Reste que les chercheurs rassemblés à The Mainteners ne sont pas les seuls à s’intéresser à ce sujet. David Pontille et Jérôme Denis (@jrmdns, blog) de l’Institut interdisciplinaire de l’innovation de Mines ParisTech signaient il y a peu un article sur ce sujet (.pdf). Voilà quelque temps que les « Maintenance & Repairs studies » ont commencé à s’intéresser aux « innombrables opérations qui font le quotidien des objets des plus simples aux plus complexes et qui assurent concrètement les conditions de leur fonctionnement et de la permanence même de leur existence ». Pour les chercheurs, il y a là un foyer d’innovation à découvrir bien éloigné de l’intérêt pour la seule l’innovation radicale. Pour eux, cette face cachée de l’innovation nécessite certainement de distinguer d’ailleurs la maintenance de la réparation. L’invisibilité de la maintenance pose d’ailleurs la question du coût d’un monde focalisé sur la consommation et l’innovation.
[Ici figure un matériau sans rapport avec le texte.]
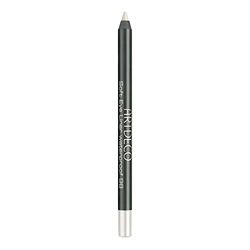 ARTDECO Soft Eyeliner Waterproof – krämig kajalpenna vattentät, långvarigt ögonfoder med hög täckning – 1 x 1,2 g | 1,2 g (1-pack)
Prendre soin des infrastructures et des objets nous demande de « changer notre approche de la vulnérabilité du monde matériel, non plus comme quelque chose que l’on doit éviter, rejeter ou réparer, mais comme quelque chose que nous devons penser de manière responsable ».

Oui. Prendre en compte notre responsabilité nécessite bel et bien de penser l’innovation autrement.